Later that afternoon, Christie took me to Huachuca Canyon. The canyon is only accessible by entering a military base. This may seem a deterrent, and perhaps is the reason I was unaware of the canyon, but entering and traveling about the base was easy. We went up the canyon, where Christie showed me two spots where Elegant Trogon’s had nested in years past. She told me stories about her times in the canyon, watching these birds. What a treat it would be to see these birds raising their young, hunting for insects, and conducting themselves in accordance with their habits. As we did not see the birds in either location, I resolved to return the next morning and try one last time for the Elegant Trogon.

I ventured back through the base in early morning, and travelled up the canyon towards the two nest sights. Birds were about this morning, and I listened to many species both new and familiar. Still, both nest sights were without the Trogon, and my spirit fell. But, as I am a birder, and love other experiences besides the chase, or hunt, I venture farther up the canyon to find others.

With my senses keen, and tuned to any peculiar movement, or sound, I was sure to pick up the Trogon if it made itself known in any way. And I did!

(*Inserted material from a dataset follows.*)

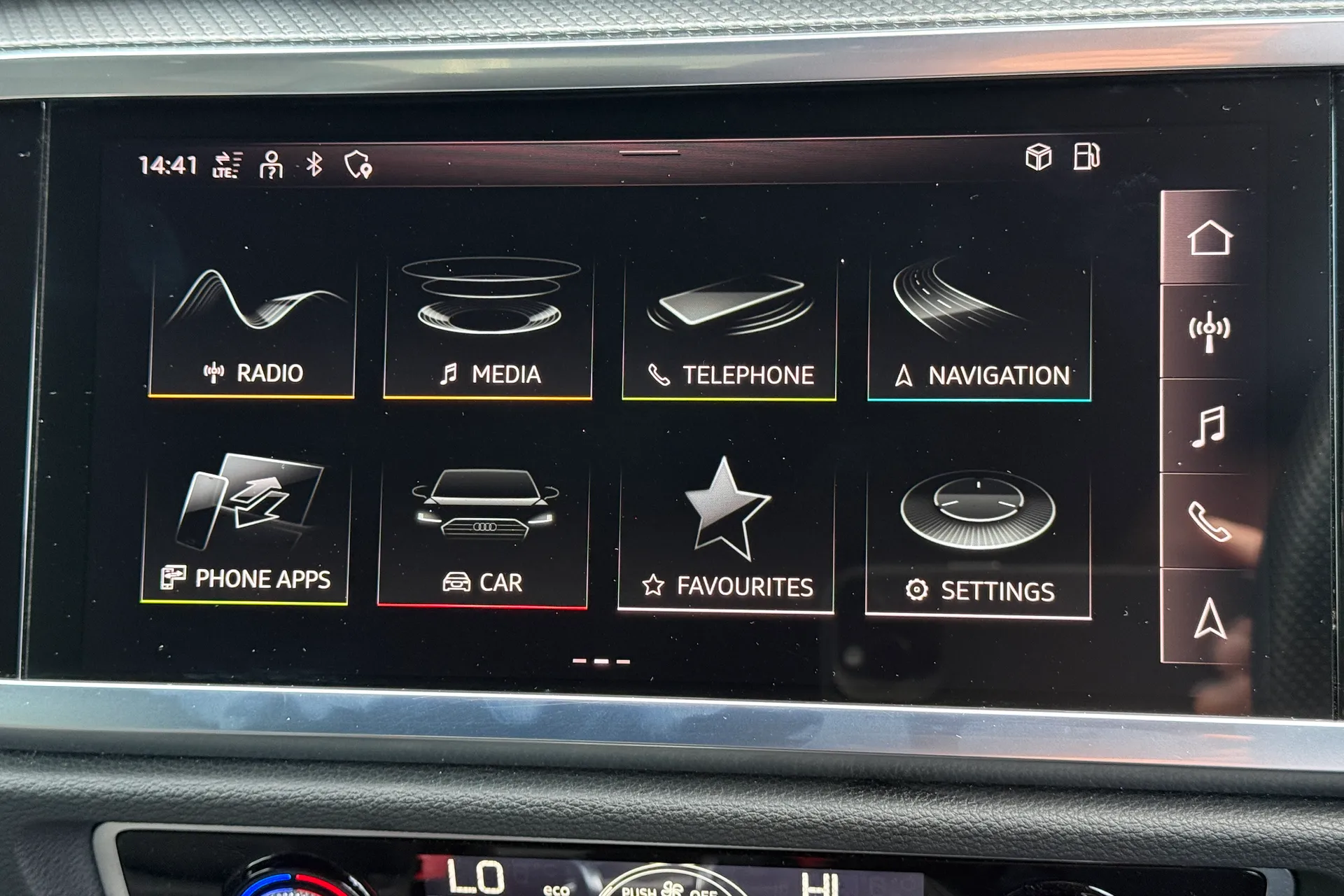 Audi Q3 thumbnail image number 47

The moment the trogon barked, I knew what I had hear. I did a silent jump for joy and listened for a second call. Soon enough, multiple calls came and I narrowed in on the Trogon. Within a minute, I had found the brilliant male Trogon, sitting in the branches, calling. It was wary of my presence, and retreated when I came to close.

The bird continued to call, but as I observed its behaviors, I picked up the presence of a second bird. Hearing a second call pulled my attention to another fleeing male Trogon. Blessed by the sight of two males, in all their glory, I took in my fill of the birds, and left them to their business of establishing territories and continuing their business of procreation.

Elegant Trogon- Trogon elegans

Before I left, I spent some more time talking with Christie. On the morning before I hit the road, she informed me of a pair of Mexican Spotted Owls in the canyon near her house. I decided that the Spotted Owl would be a great bird to see before my journey continued elsewhere. It was not difficult to find the birds in the canyon. Directed to a reliable roost, I located two owls deep in sleep. I was careful not to disturb their slumber, and give them added stress. I watched the pair for minutes, taking a few photos before returning back to the road, and onward to Texas. On a high from the Trogons, I decided it was time to make my Arizona exit. I had missed some birds that I wanted to see, but I had other priorities, and felt that I needed to put my wheels back on the road, and move eastward with my eyes on the Texas coast.